Multivitamin and mineral supplement did not alter the antioxidant capacity in plasma of healthy young men and women
Sommaire de l'article
Diets high in fruit and vegetable have been associated with a reduced risk of several cancers and cardiovascular disease. Antioxidant vitamins have been suggested to be responsible. The objective of the study was to determine whether there is an association between plasma antioxidant capacity and plasma antioxidant concentrations and whether a 3 week vitamin/ mineral supplement will enhance the plasma antioxidant capacity in 57 healthy UCLA medical students.

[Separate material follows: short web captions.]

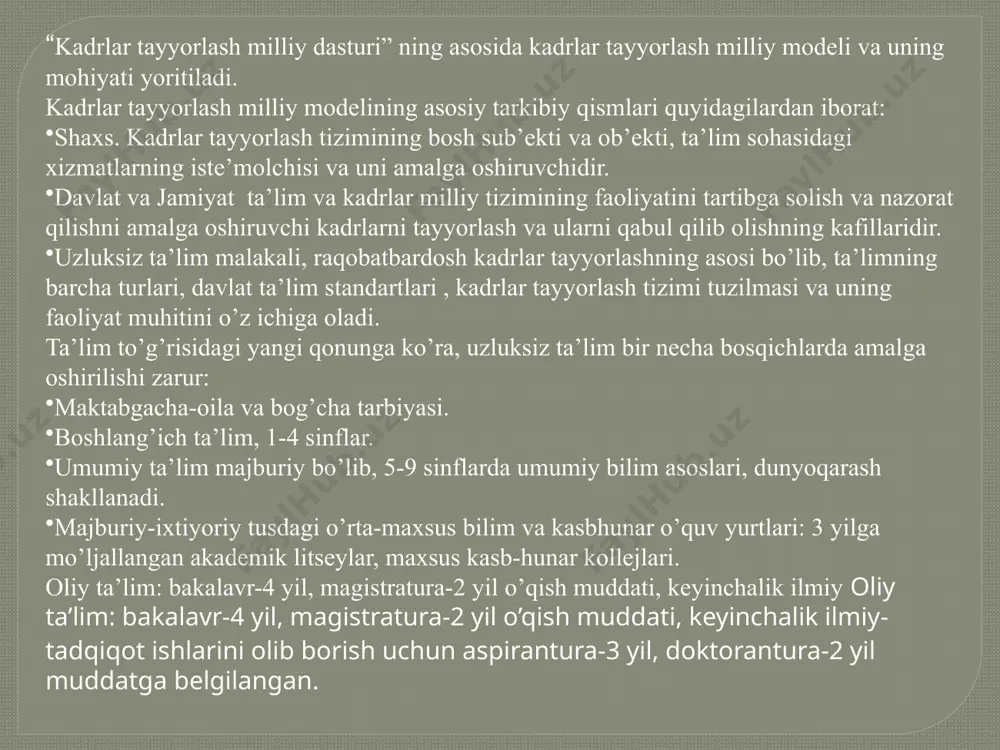 usdagi o’rta-maxsus bilim va kasbhunar o’quv yurtlari: 3 yilga mo’ljallangan akademik litseylar, maxsus kasb-hunar kollejlari. oliy ta’lim: bakalavr-4 yil, magistratura-2 yil o’qish muddati, keyinchalik ilmiy­ oliy ta’lim: bakalavr-4 yil, magistratura-2 yil o’qish muddati, keyinchalik ilmiy­tadqiqot ishlarini olib borish uchun aspirantura-3 yil, doktorantura-2 yil muddatga belgilangan. ta’lim­tarbiya, ilm­fan sohasidagi islohotlar bosqichma­bosqich amalga oshirilishi zarur. 1997-2001 yy. o’tish davri 2000-2005 yy. islohotni keng miqyosda amalga oshirish davri. 2005 yildan keyin kadrlar tayyorlash tizimini takomillashtirish va yanada rivojlantirish davri. 1997 yildan boshlab 1400 dan ortiq kasb-xunar kolleji va 200 ga akademik litsey bunyod etildi. istiqlol yillarida maktabgacha tarbiya muassasalarida, boshlang’ich sinflarda o’quv-tarbiya ishlarga e’tibor kuchaytirilib, o’rta maxsus va oliy o’quv yurtlari tizimida litseylar, kollejlar, biznes maktablari ochildi, 8 ta institutlar asosida universitetlar tashkil qilindi. 2000 boshlariga kelib, mamlakatimizda 59 ta oliy, 258 ta o’rta-maxsus o’quv yurtlari, shu jumladan 75 ta kollejlarda 360 mingdan ortiq talabalar bilim olmoqda. iqtidorli yoshlarga e’tibor kuchayib, ularning xorijiy …
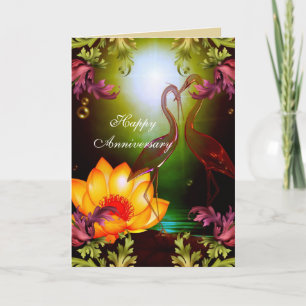 Carte Joyeux Anniversaire Oiseaux Gold Frame Flora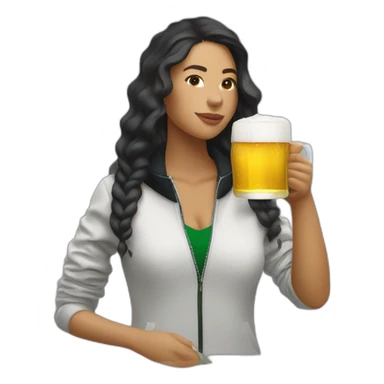 Lacoste latin friends woman drinking beer with black windbreaker sticker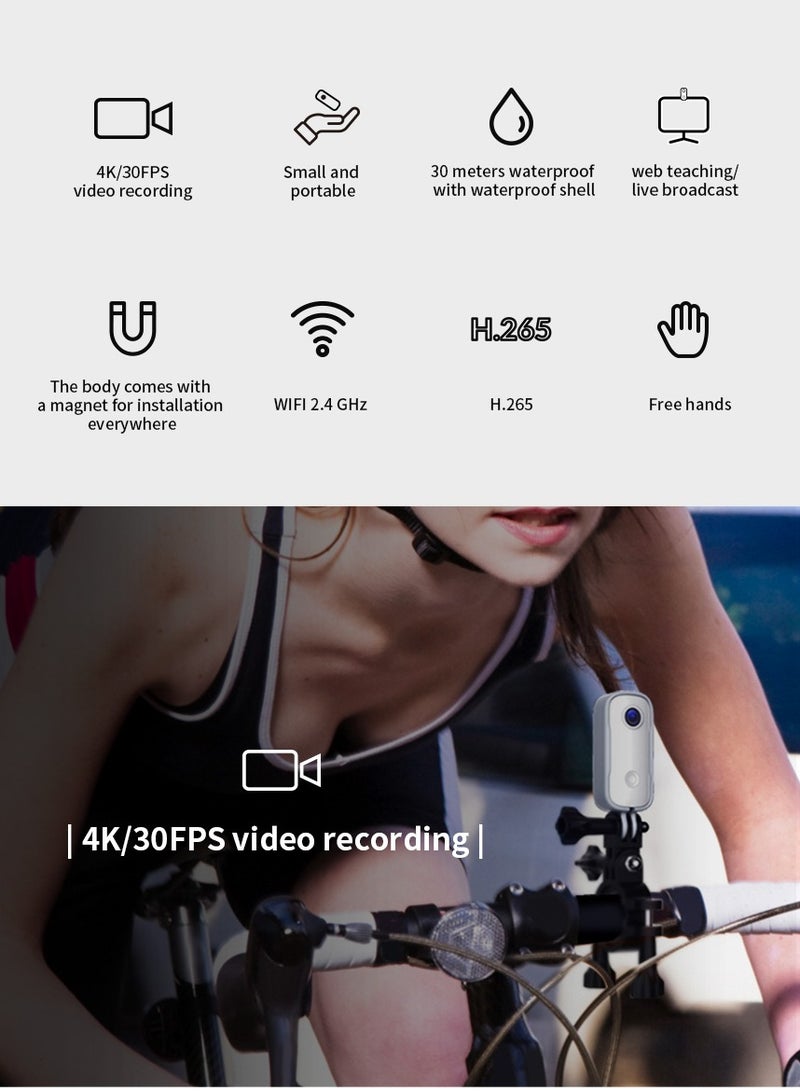 أس جي كام كاميرا الحركة SJCAM C100 4K / 30FPS - مقاومة للماء 30 ميجا ، واي فاي ، 12 ميجابكسل ، تسجيل 2.5 ساعة مثالي ل TikTok ومدونات الفيديو والرياضة - Image 2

The plasma antioxidant capacity was determined before and after 3 weeks of a daily vitamin/ mineral supplement which provided 440 TCT of alpha-tocopherol (alpha-T), 22,500 IU of beta-carotene (beta-C) and 620 mg of ascorbic acid. The anti-oxidant capacity was determined by HPLC measurement of thiobarbituric acid reacting substances (TBARS) after exposing the plasma to oxidative stress generated by 2,2-azobis(2-amidinopropane) hydrochloride (AAPH) for 4 hours at 37 degrees C. Plasma alpha-T and beta-C were measured by HPLC. There was no association between plasma antioxidant capacity before supplementation and plasma alpha-T or beta-C concentrations. Multivitamin/ multimineral supplementation did not enhance the antioxidant capacity. More specific markers of oxidative stress may be needed and future studies with longer supplementation periods are warranted.